▶ _About this task_: All entries need to be written out verbatim, with pictures omitted.

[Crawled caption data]
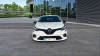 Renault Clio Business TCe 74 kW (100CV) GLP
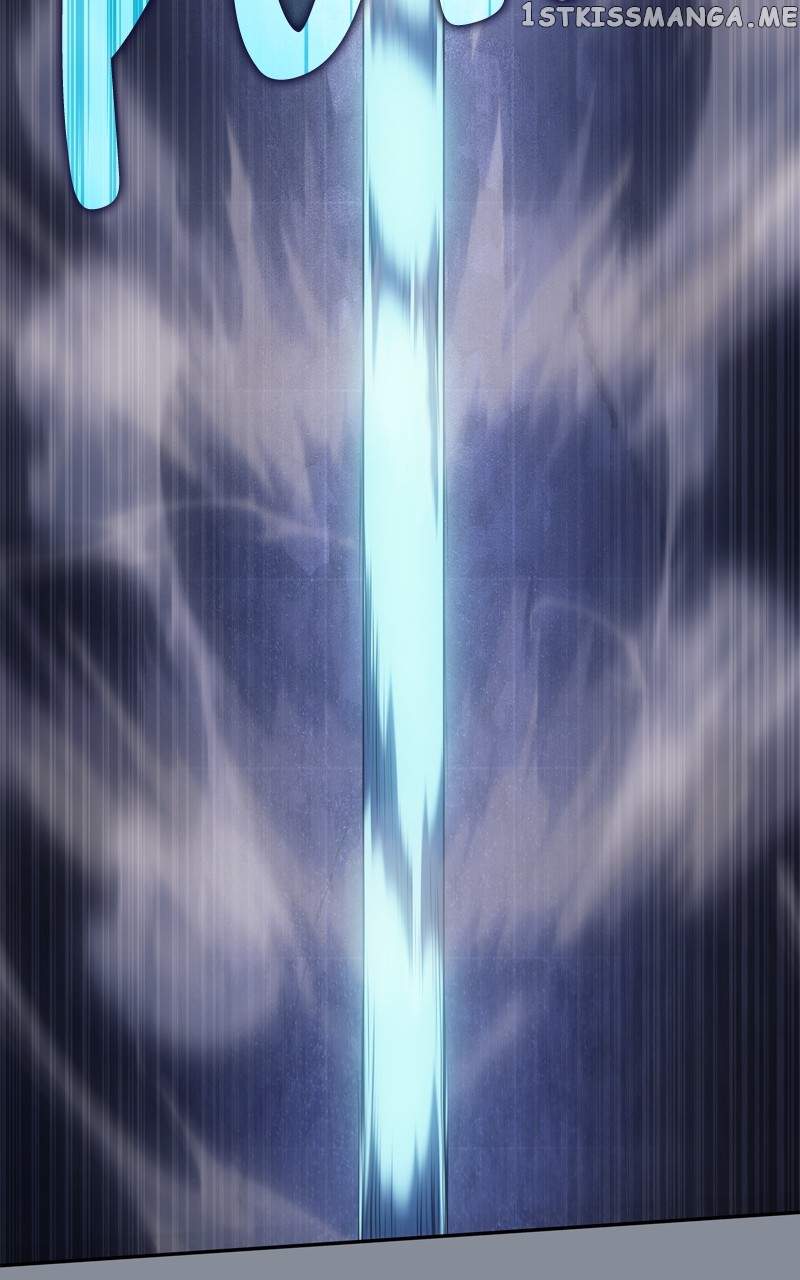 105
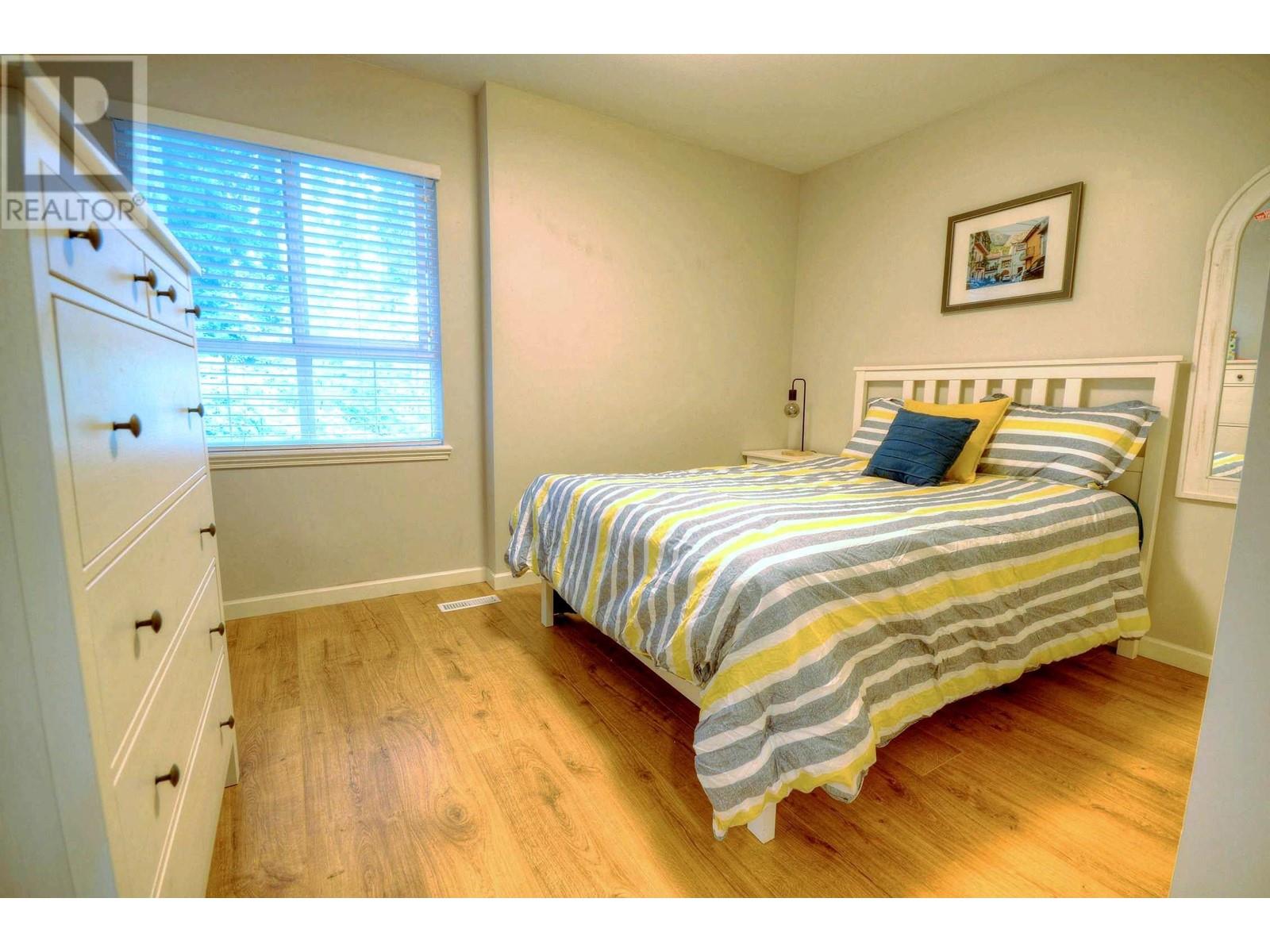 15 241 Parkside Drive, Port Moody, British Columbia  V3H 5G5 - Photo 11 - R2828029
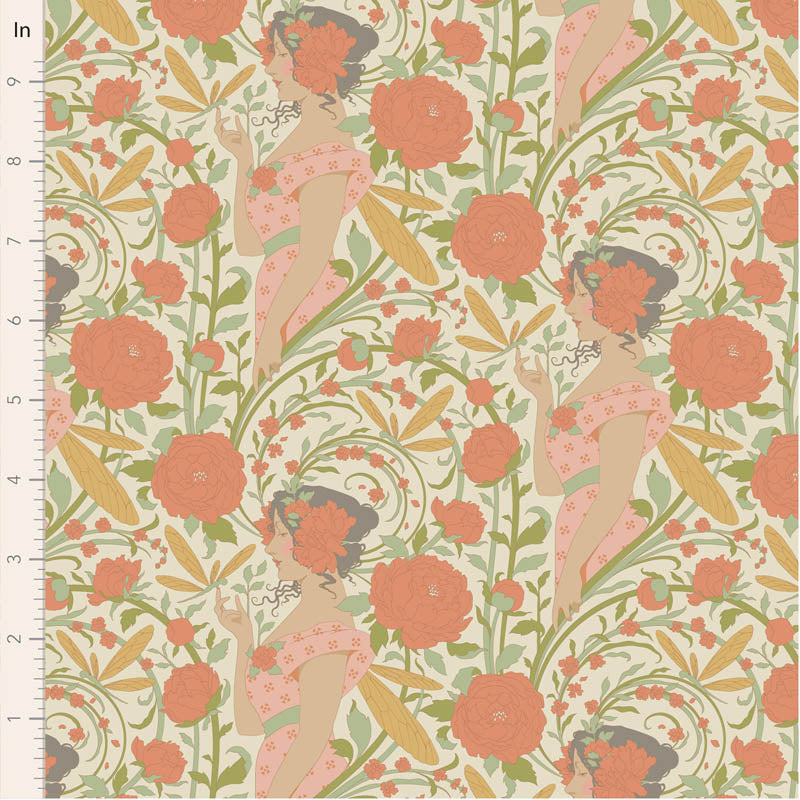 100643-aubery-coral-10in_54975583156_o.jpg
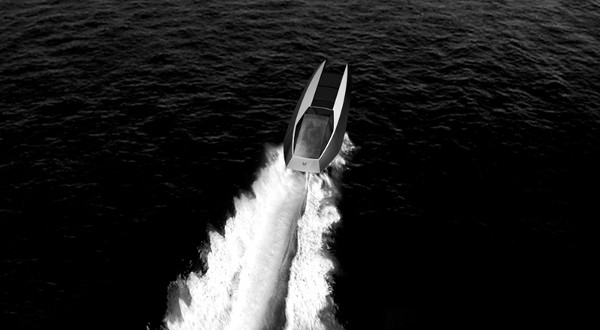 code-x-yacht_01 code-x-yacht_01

▶ _Answer to the exercise_:
 Renault Clio Business TCe 74 kW (100CV) GLP
 105
 15 241 Parkside Drive, Port Moody, British Columbia  V3H 5G5 - Photo 11 - R2828029
 100643-aubery-coral-10in_54975583156_o.jpg
 code-x-yacht_01 code-x-yacht_01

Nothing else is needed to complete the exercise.